Talking Diversity and the SEC

Diversity is a huge issue in constructing boards of directors, and never is it so focused as for reporting companies.

Extant SEC disclosure rules contained in Regulation S-K already required disclosure of diversity information, to the extent consent from a director or director candidate agrees, including race, gender, ethnicity, religion, nationality, disability, sexual orientation or cultural background.  New guidance requires a statement as to HOW these characteristics were considered by the nominating committee or board.

Extant SEC disclosure also required a description of the process of nomination, whether it considers diversity and how.  New guidance requires an explanation of how it blended in consideration of other factors within scope of its diversity policy, including work history, military service or socio-economic characteristics.

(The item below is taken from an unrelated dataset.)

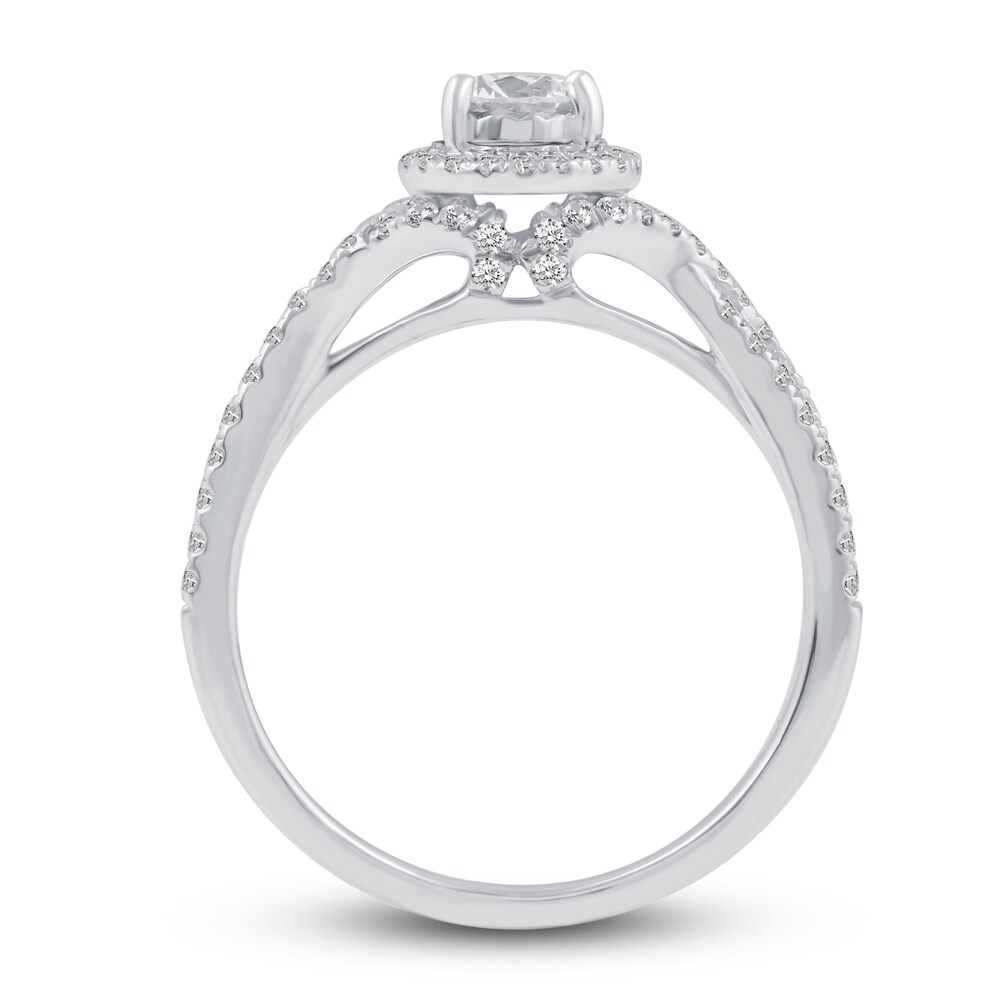 Diamond Engagement Ring 3/4 ct tw Round 10K White Gold QKrq9vNw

Boards do discuss these issues, of course; one is compelled to if there is any sort of diversity program.  It is not clear to me what this new granularity has to add beyond eliciting an obvious response.  Perhaps the goal is to dig for detail to eliminate a suspected practice in some cases of tokenism?  Will we see disclosure other than a formulaic kind of recitation (“we aim for a board that is diverse, we needed a cyber expert, and  X turned out to be a widely recognized cyber expert and X also turned out to be a [pick a diverse category]!”).  Sharing the goals of diversity and preaching it in my own practice need not require government guidance on the obvious, and no board is going to say that they failed to look at all attributes of a director candidate.  Much SEC disclosure in response to ever-refined disclosure regimes results in a longer document but no increase in true qualitative data.

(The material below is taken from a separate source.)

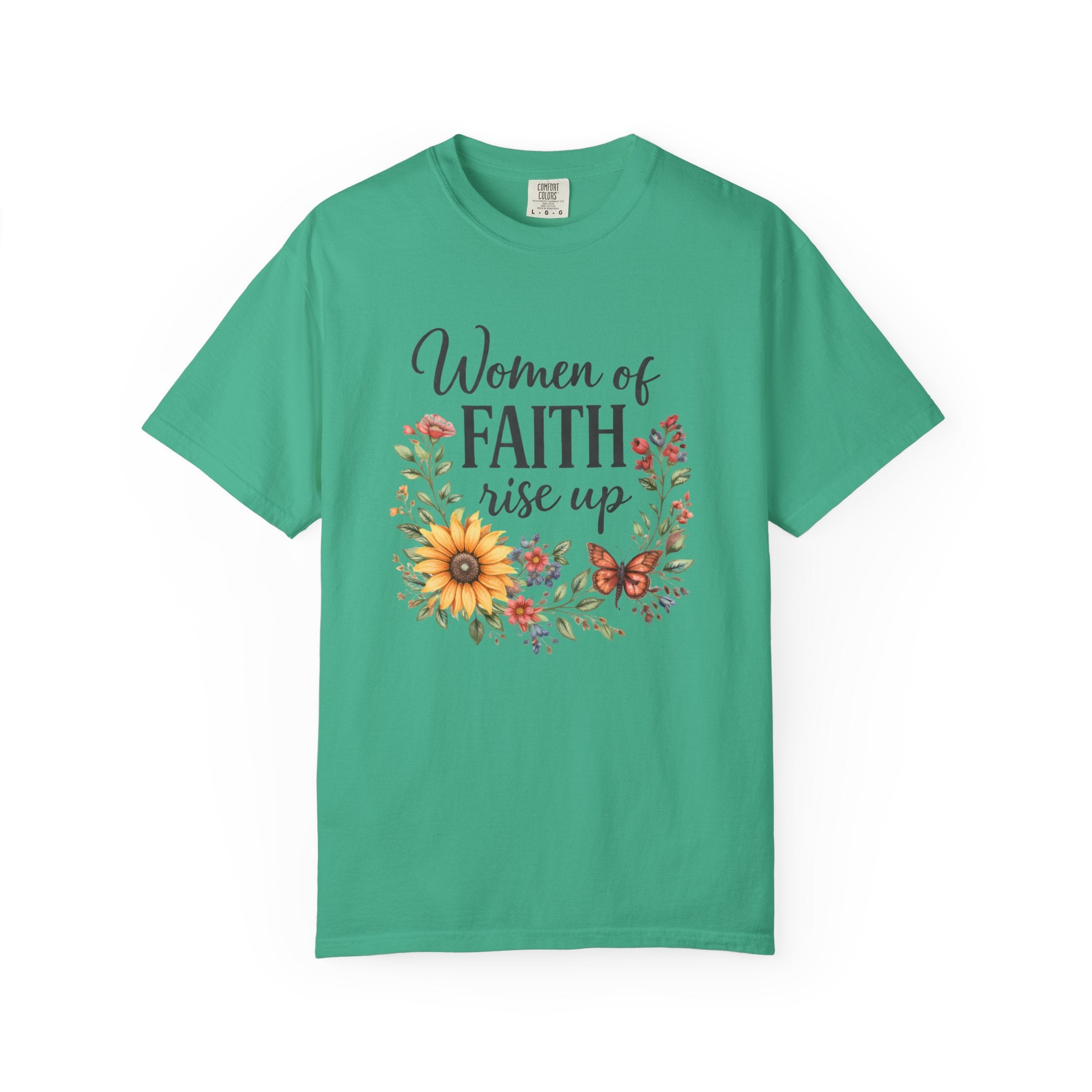 Women of Faith Rise Up T-Shirt — Floral Christian Inspirational Tee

Today’s  Boston Business Journal carries an article about local company general counsel decrying lack of diversity in law firms while suffering lack of diversity on their own boards.  Aside from highlighting the intense topicality of board diversity, the article suggests an approach to disclosure: simple head count.  Should you care about process, or bottom line results.  As they say: “If you cannot measure it, you cannot achieve it.”